***** DATASET EXTRACT
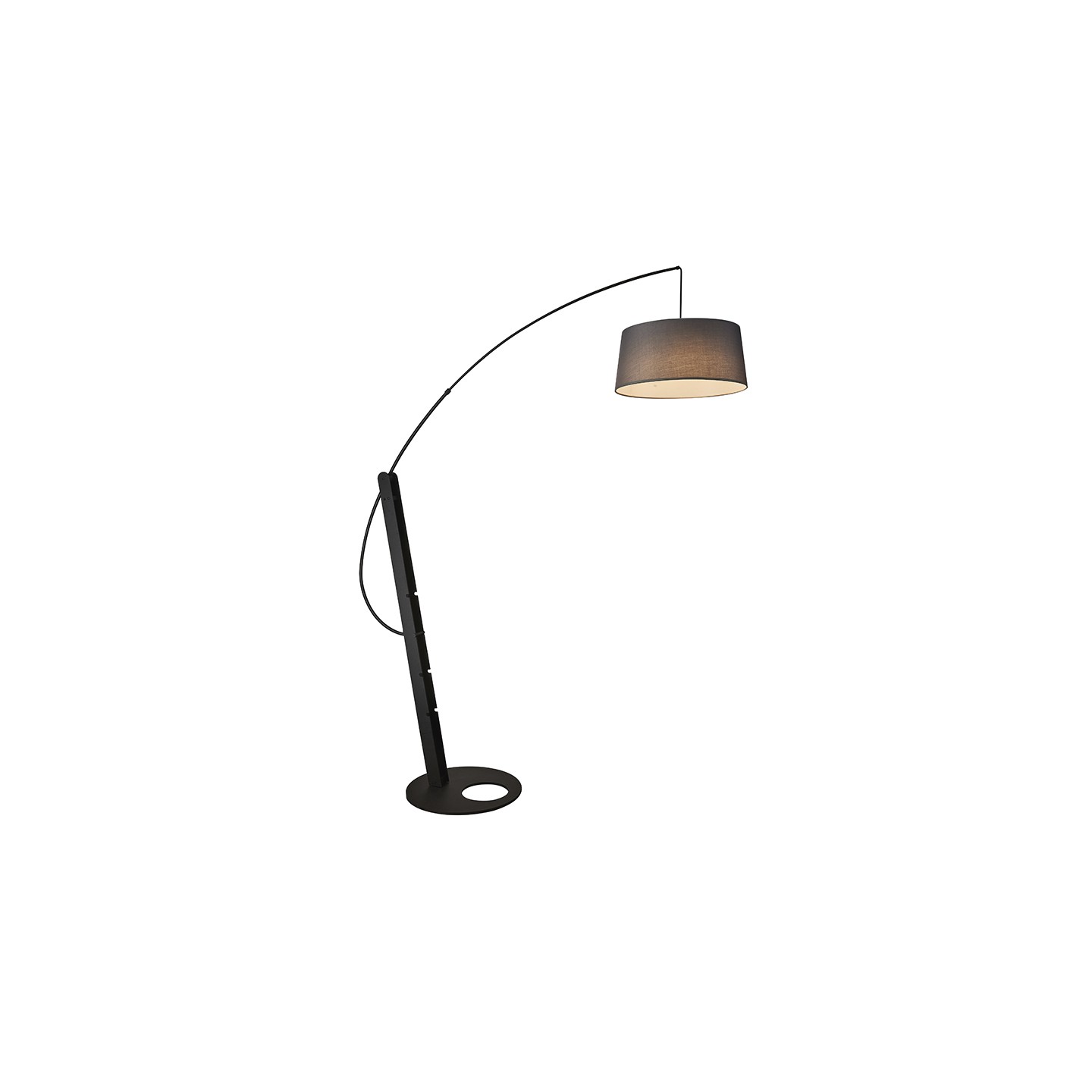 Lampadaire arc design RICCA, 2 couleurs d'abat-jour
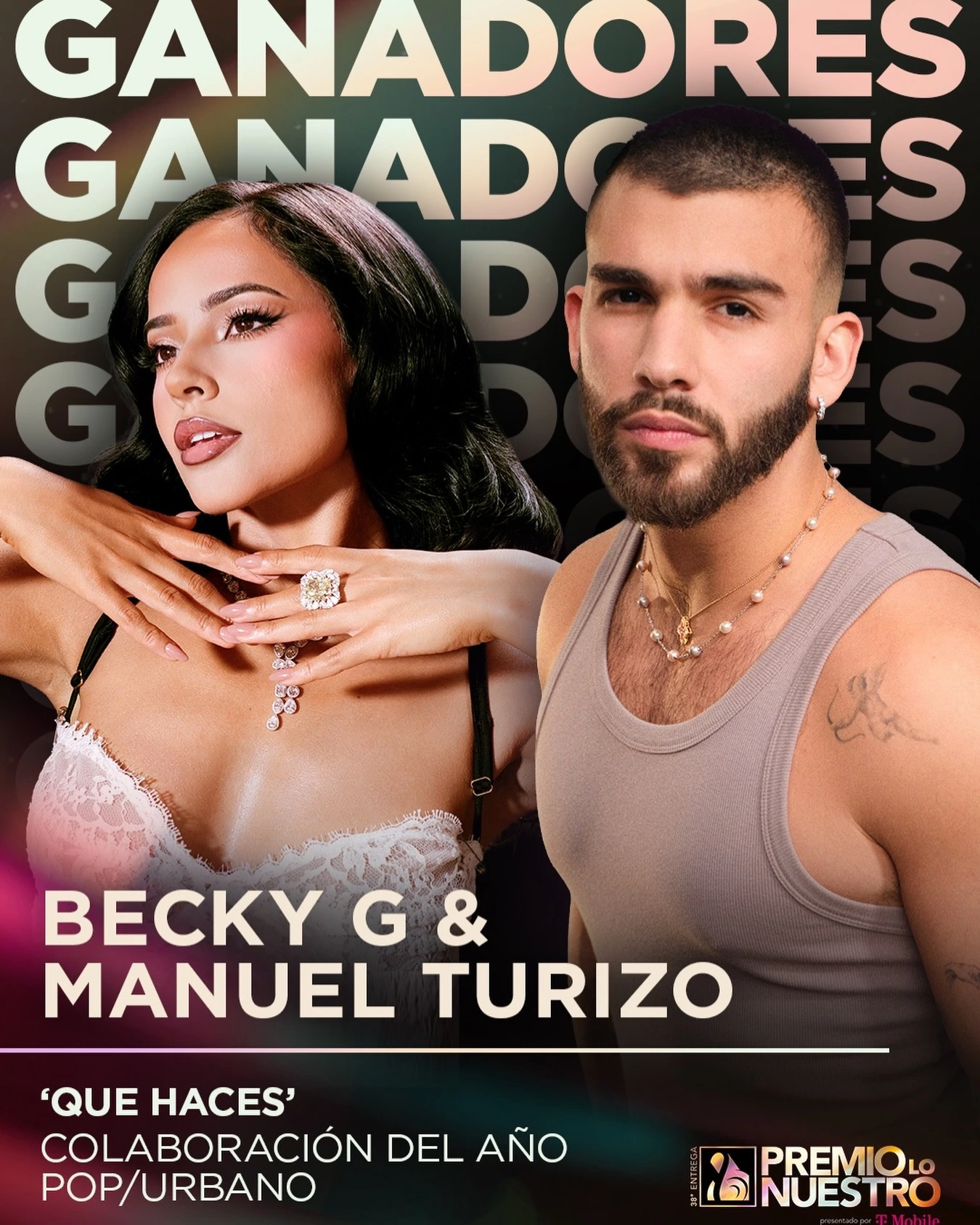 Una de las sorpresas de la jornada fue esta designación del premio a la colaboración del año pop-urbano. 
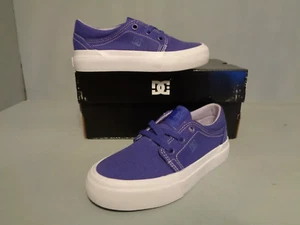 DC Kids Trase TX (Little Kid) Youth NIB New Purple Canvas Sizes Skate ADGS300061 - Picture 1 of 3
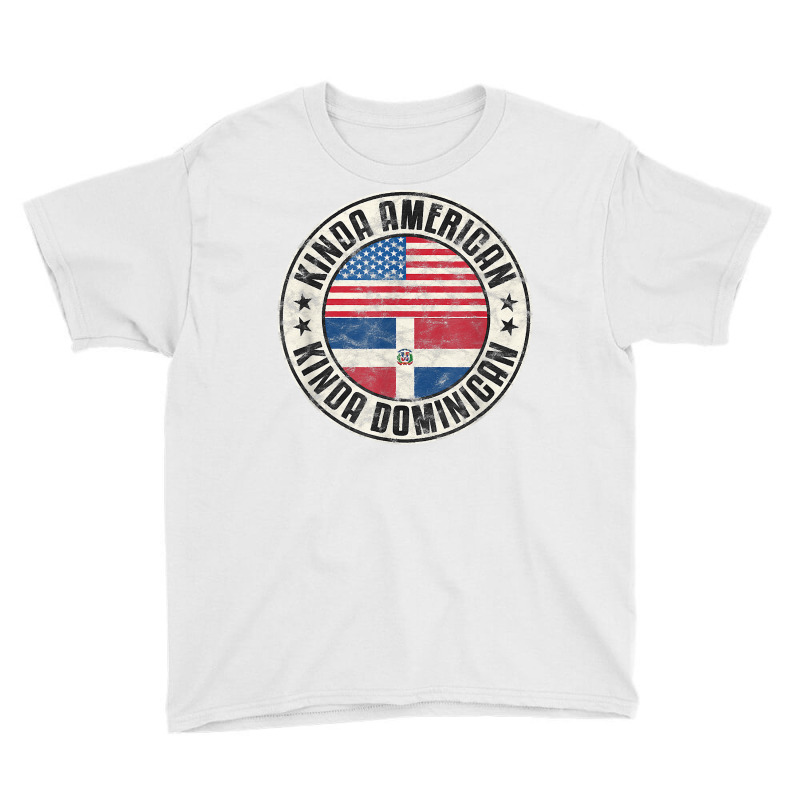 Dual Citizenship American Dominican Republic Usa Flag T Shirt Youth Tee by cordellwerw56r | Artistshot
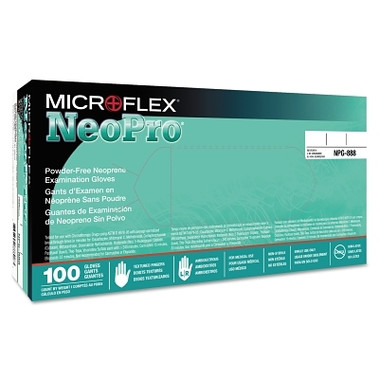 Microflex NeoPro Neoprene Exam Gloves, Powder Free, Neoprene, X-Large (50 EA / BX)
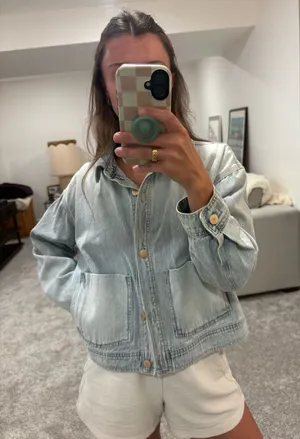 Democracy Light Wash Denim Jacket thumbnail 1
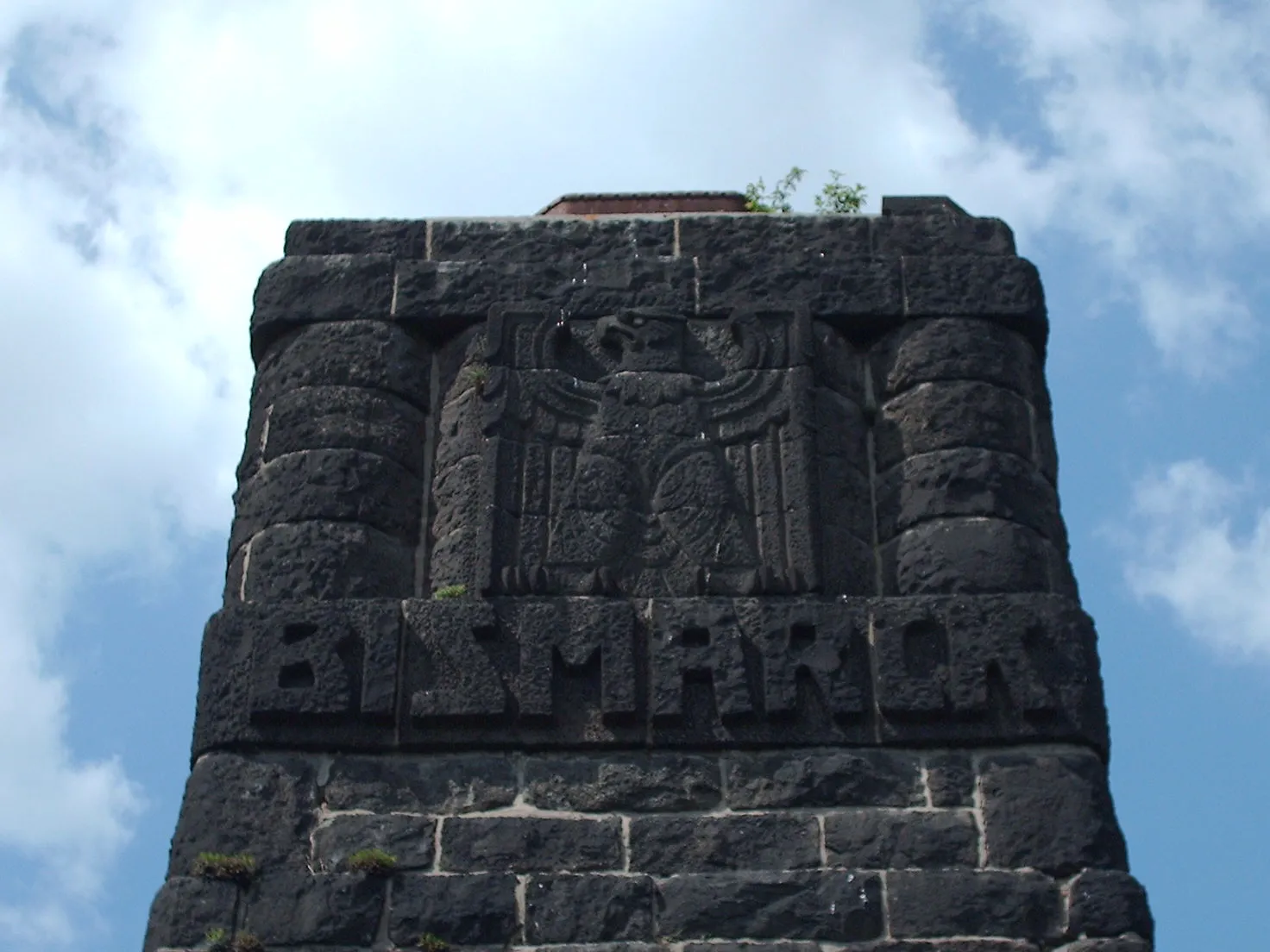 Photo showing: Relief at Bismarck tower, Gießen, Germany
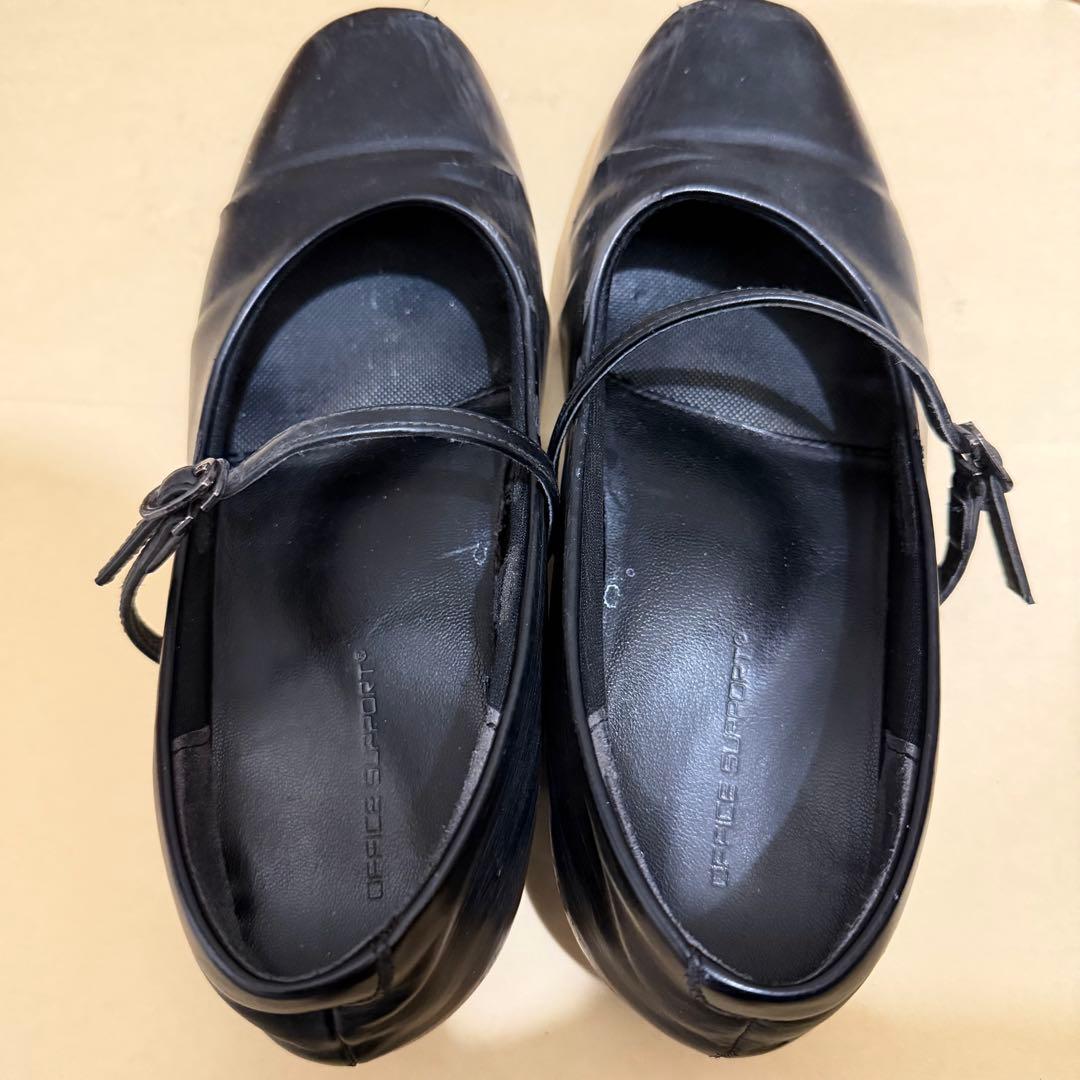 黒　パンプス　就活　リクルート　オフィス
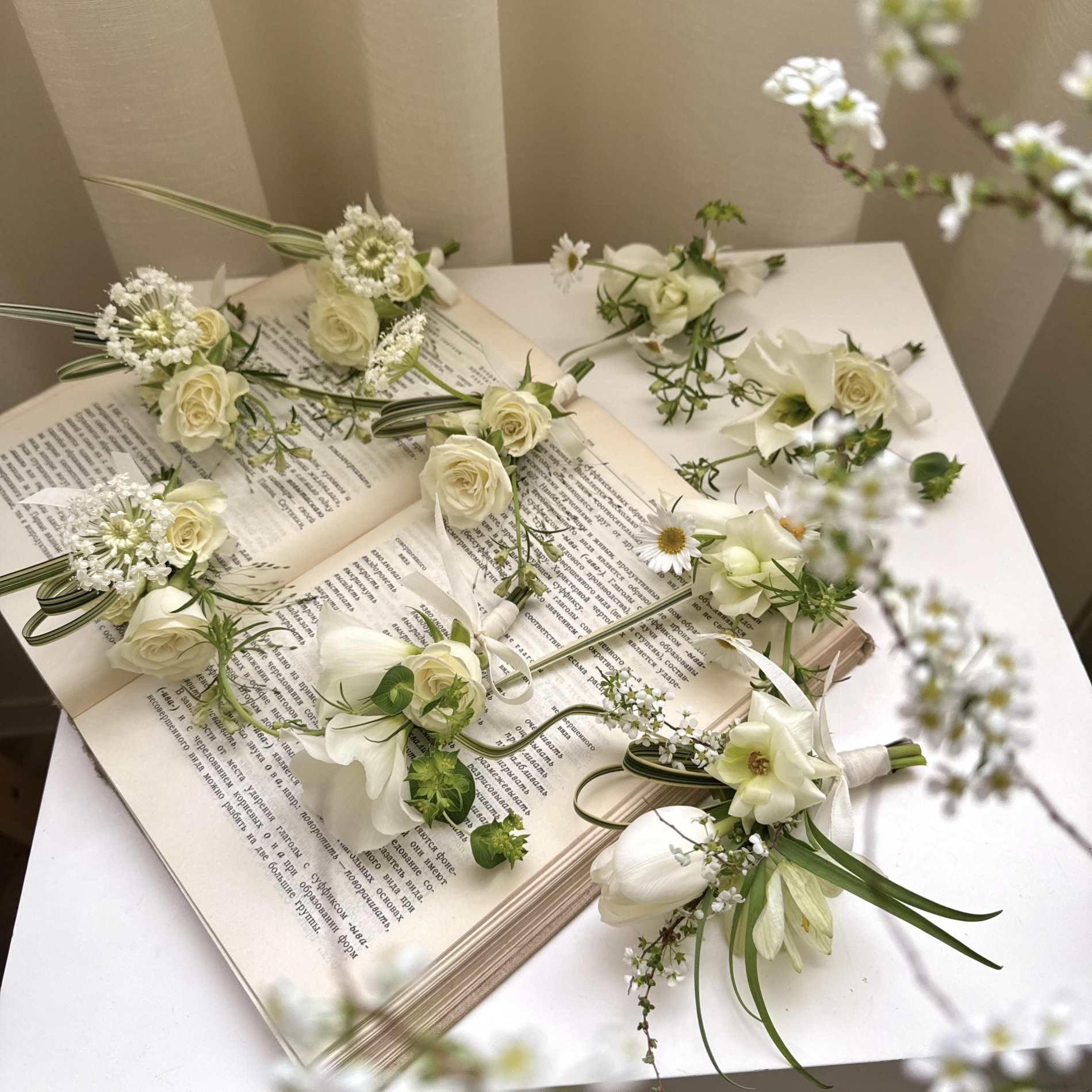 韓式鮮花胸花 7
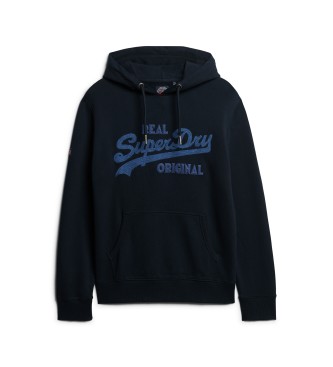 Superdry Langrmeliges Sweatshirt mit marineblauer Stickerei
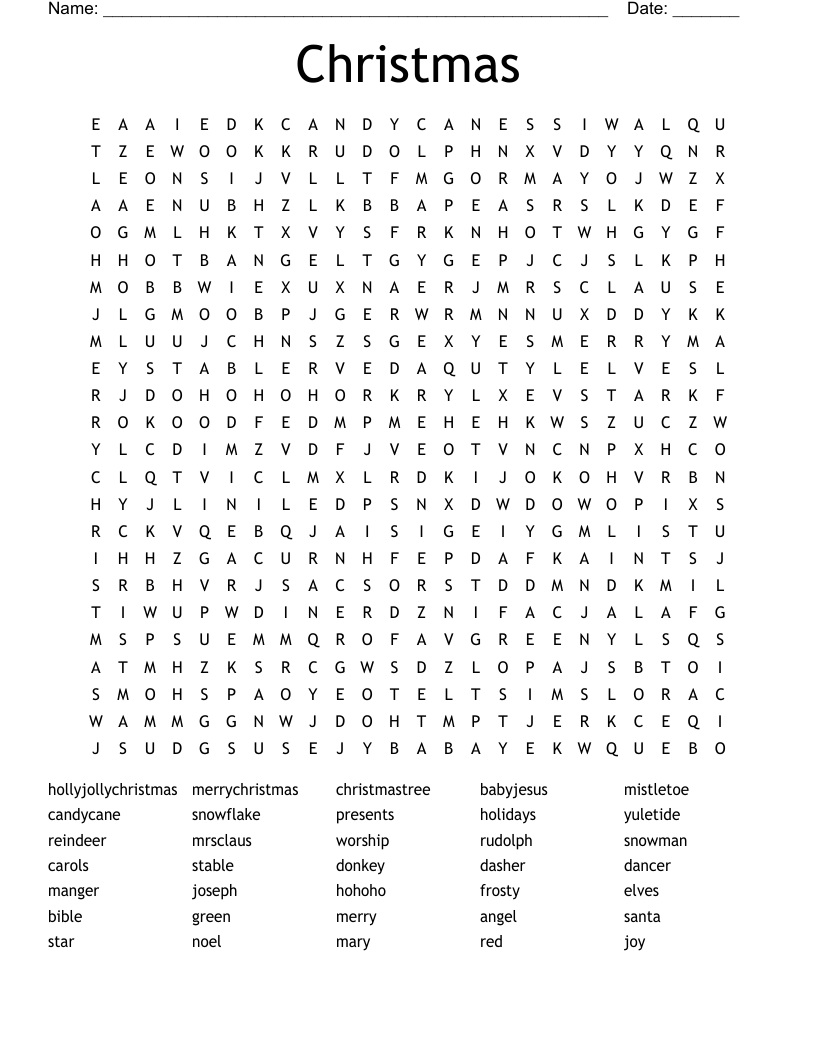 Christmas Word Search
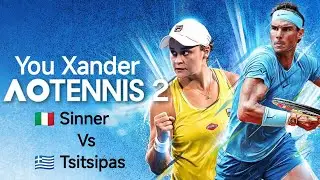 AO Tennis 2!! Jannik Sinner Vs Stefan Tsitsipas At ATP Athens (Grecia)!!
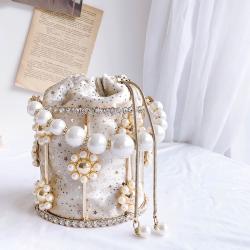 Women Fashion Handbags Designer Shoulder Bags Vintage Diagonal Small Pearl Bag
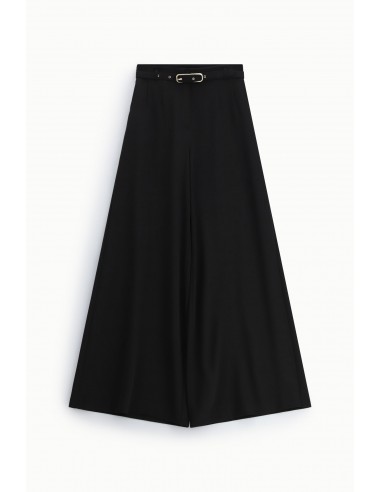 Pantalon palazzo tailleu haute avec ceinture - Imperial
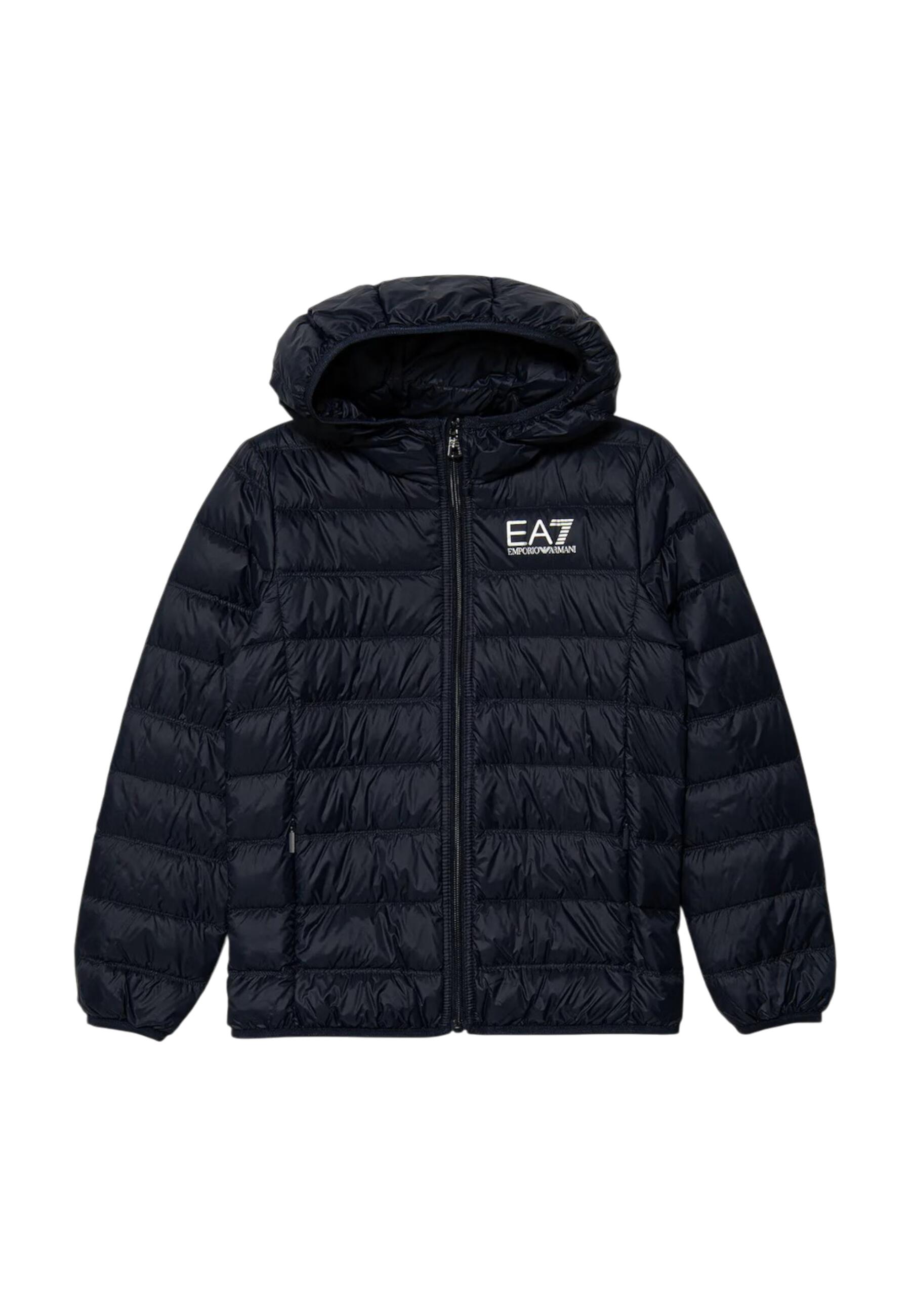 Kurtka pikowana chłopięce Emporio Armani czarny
**********
• [TASK DIRECTIONS]: Using the listing above, copy exactly the lines from the one that contains "Women Fashion Handbags" through its last line, both included, but not the pictures.

• [WORKED SOLUTION]:
 Women Fashion Handbags Designer Shoulder Bags Vintage Diagonal Small Pearl Bag
 Pantalon palazzo tailleu haute avec ceinture - Imperial
 Kurtka pikowana chłopięce Emporio Armani czarny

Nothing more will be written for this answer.